==== Dataset records
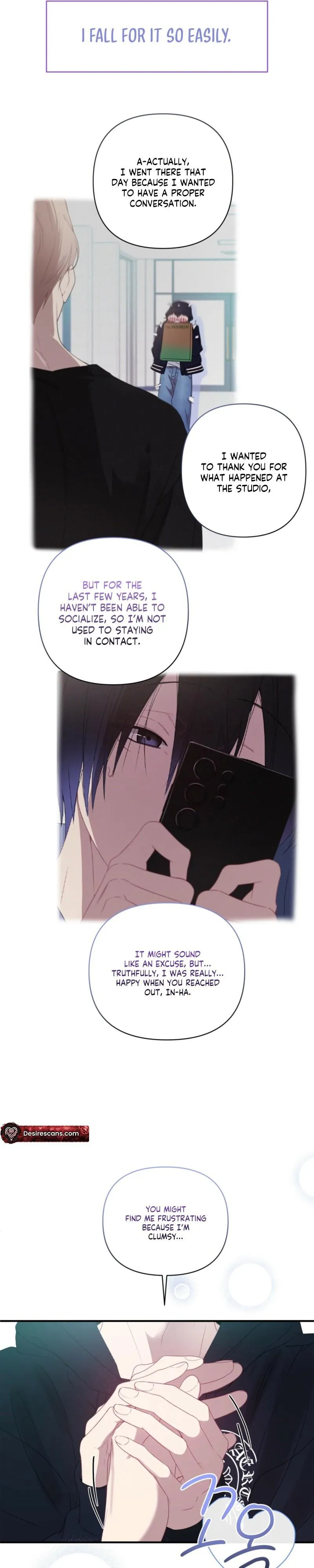 First Love Hertz Chapter 10 page 20 - 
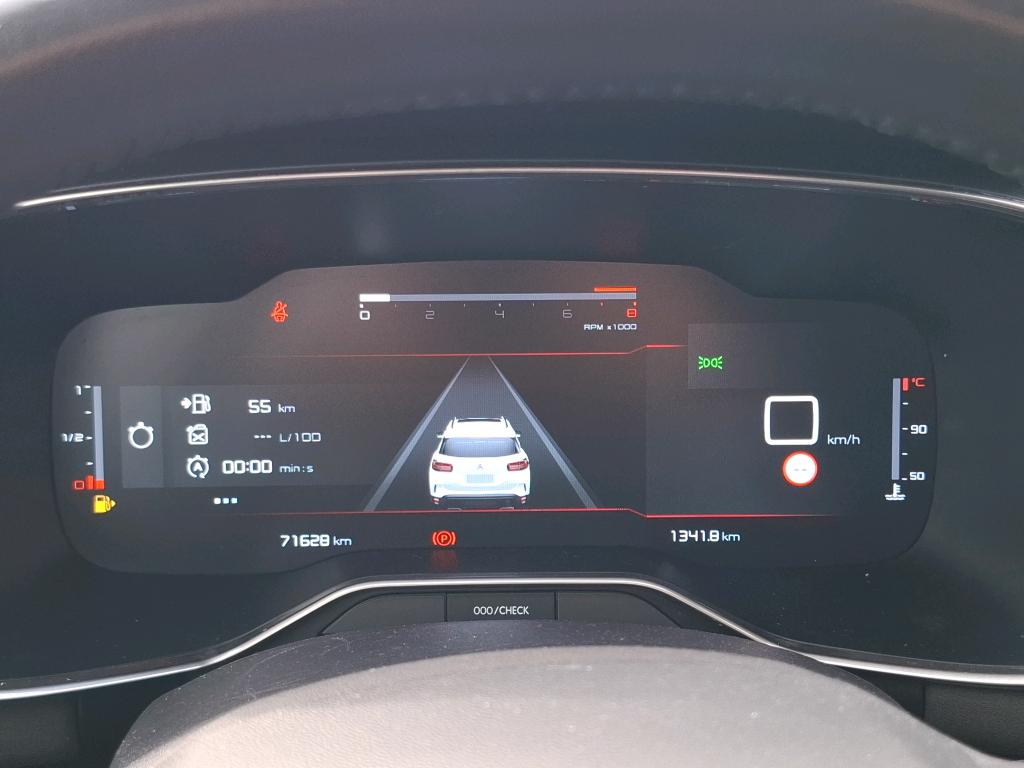 Citroen C5 Aircross PureTech 130 S&S BVM6 Feel 2021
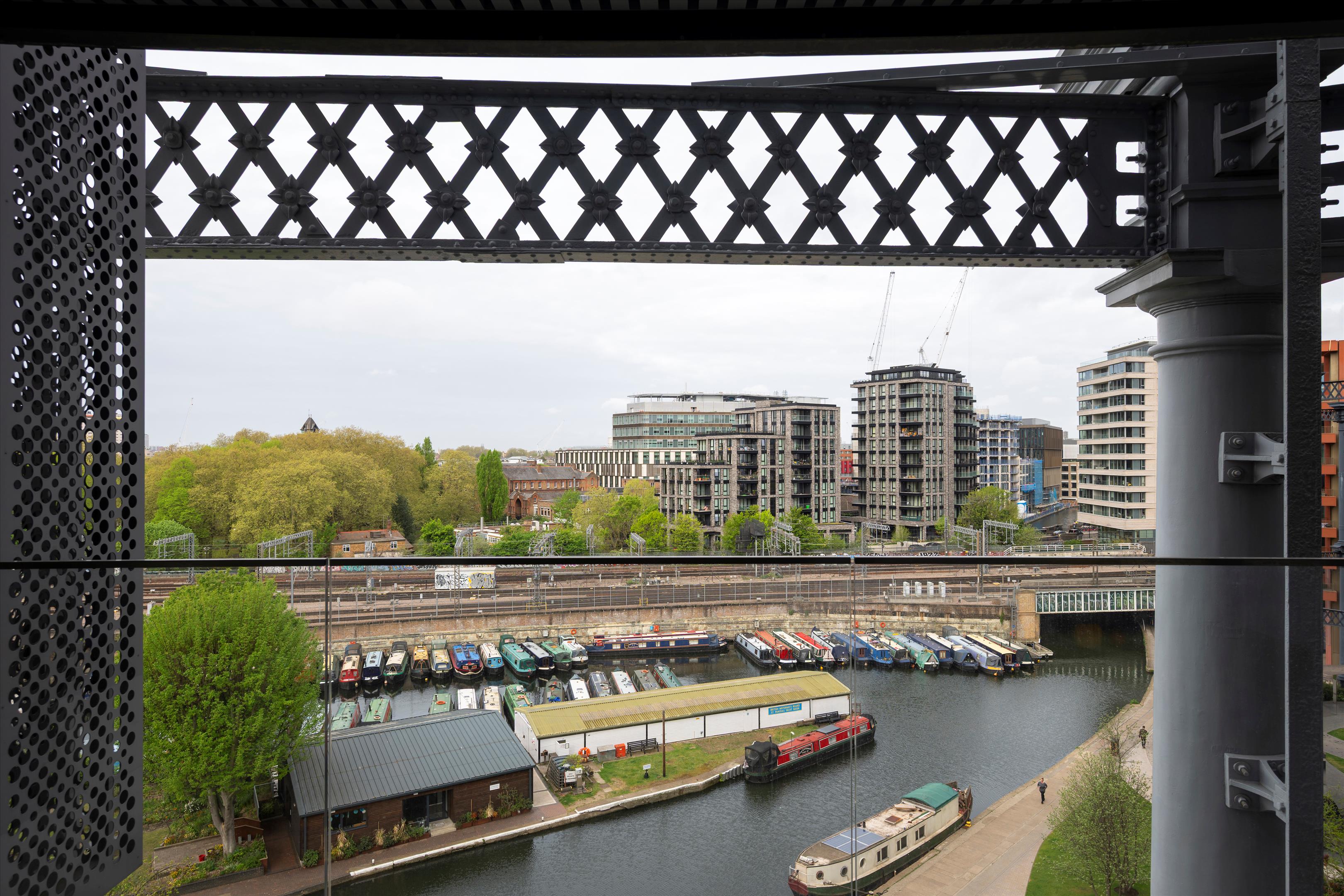 1 Lewis Cubitt Square, King's Cross, London N1C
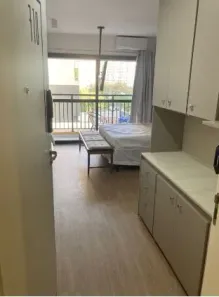 Apartamento com 1 Quarto para alugar, 24m² no Bela Vista, São Paulo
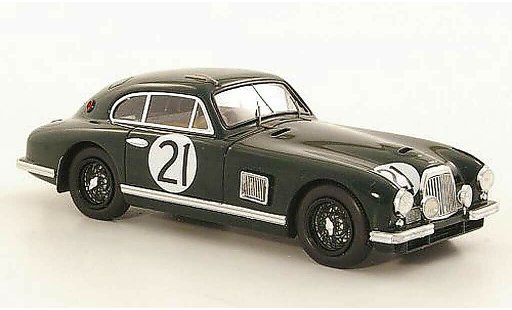 Aston Martin DB2 le mans 1/43 Spark No.21 C.Brackenbury/R.Parnell 24h 1950 modelauto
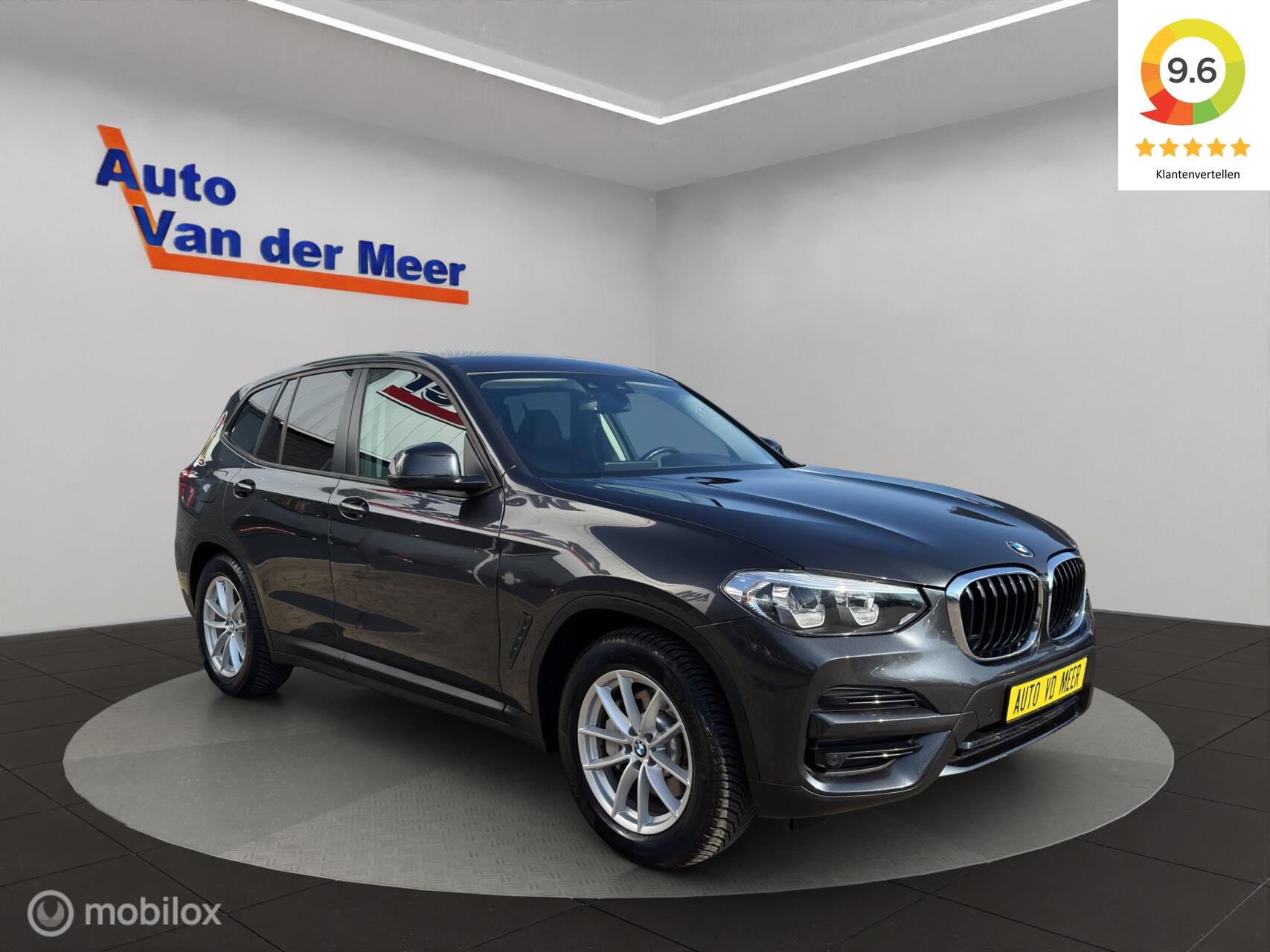 Foto van BMW X3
========
Assignment:
Print every line above exactly as given, but not the pictures.

Solution to this problem:
 First Love Hertz Chapter 10 page 20 - 
 Citroen C5 Aircross PureTech 130 S&S BVM6 Feel 2021
 1 Lewis Cubitt Square, King's Cross, London N1C
 Apartamento com 1 Quarto para alugar, 24m² no Bela Vista, São Paulo
 Aston Martin DB2 le mans 1/43 Spark No.21 C.Brackenbury/R.Parnell 24h 1950 modelauto
 Foto van BMW X3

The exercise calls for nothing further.